Last month, we left Vienna Rae at the cutting edge of an emerging movement toward regenerative economics and culture grounded in the principles of reciprocity and Earth-bound contemplative awareness.1 Having merely skimmed through the meaningful connections and instructive side quests that conditioned her present focus, a closer look at these encounters is in order.

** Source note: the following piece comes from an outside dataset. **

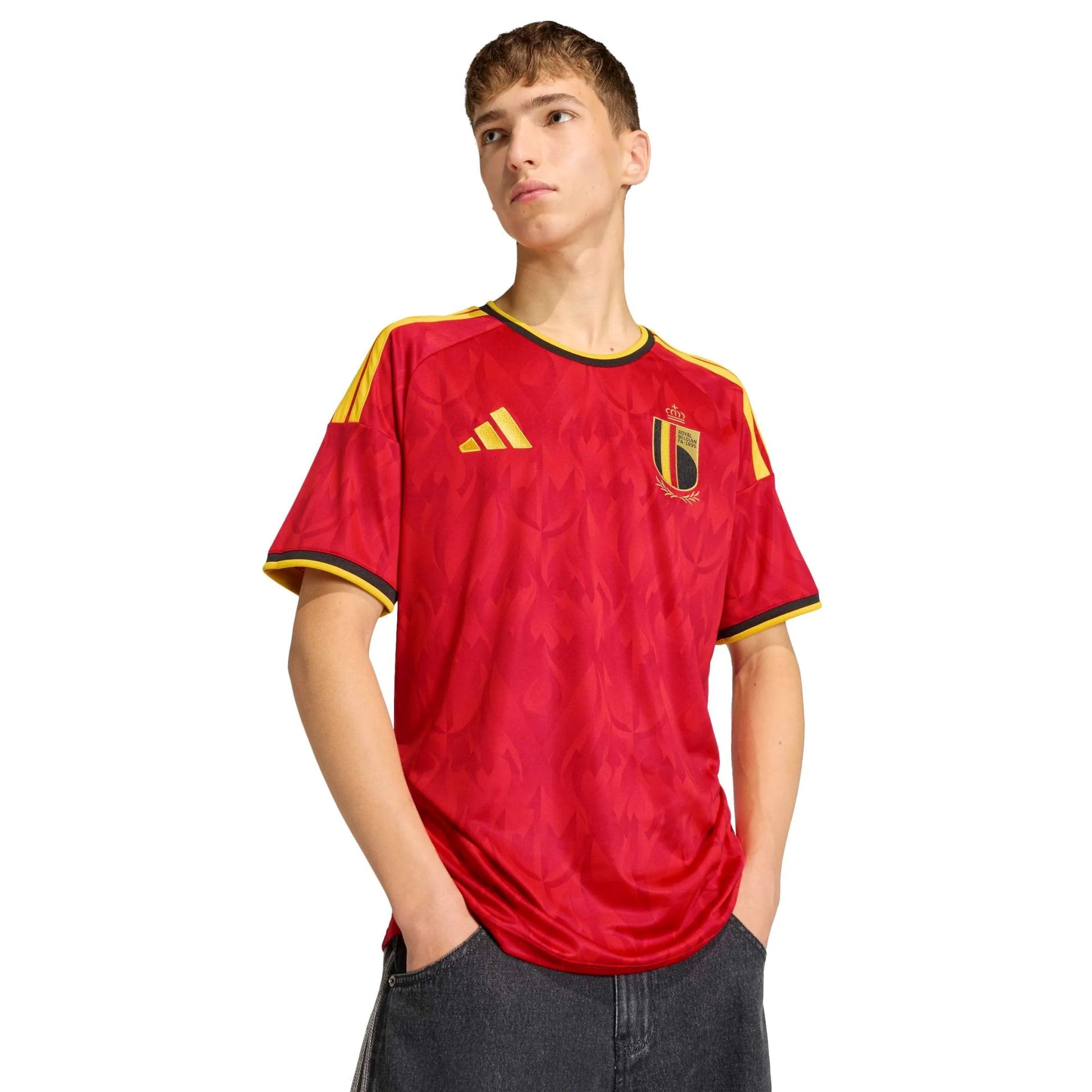 2026 Belgium Men's Stadium Home Soccer Jersey Red / Bold Gold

After Vienna’s experience in electoral-reform activism and the International Network of Engaged Buddhists’ 2013 conference in Kuala Lumpur, her understanding of structural violence and awareness of the need for systemic change became increasingly intertwined. Recognizing the upsides of technology for effective resource management (big data), large-scale group coordination (decentralized governance), and personal development (biofeedback), she became curious as to why more Buddhist teachers in the East were not directly considering these tools as viable means of addressing personal and structural suffering.
Entering the wild wired West
Pursuing these questions, Vienna discovered Buddhist Geeks, a podcast and online community based in the United States that explores the intersection of technology and contemporary Buddhism through a practical, non-dogmatic lens. Inspired by topics related to the “network era” that co-founder Vince Fakhoury Horn continued to bring up on the show, Vienna arrived at the 2014 Buddhist Geeks conference in Boulder, Colorado, keen to connect. Among the conference attendees she met was an energetic engineer named Mikey Siegel, who had himself just returned from a similar pursuit of clarity and perspective, only in the opposite direction: India.
Previously, Seigel had run the gamut working on robotics at NASA in California, before receiving a masters from the MIT Media Lab. Settling in San Francisco at a successful startup had seemed to be the cherry on top, but something was still missing. Ultimately, the “disease of dis-ease”—what Shakyamuni Buddha referred to as the First Noble Truth of duhkha—prevailed and set Mikey on course for the exotic subcontinent in search of deeper meaning. A slew of encounters and insights in India and later in Hong Kong inspired Siegel to find a way of blending technology with spirituality in order to make transcendent experiences more universally accessible.
Enlightenment engineering
Pleased to hear the story of a fellow traveler determined to build new bridges between head, heart, and tech, Vienna moved to the Bay Area and began helping Siegel to organize meet ups around what he called Consciousness Hacking. By combining science, technology, and spirituality, Consciousness Hacking seeded a DIY community of “enlightenment engineers”—a term referring to the movement in the book Stealing Fire (Kotler 2018)—focused on building new tools intended to facilitate deep explorations of the human experience.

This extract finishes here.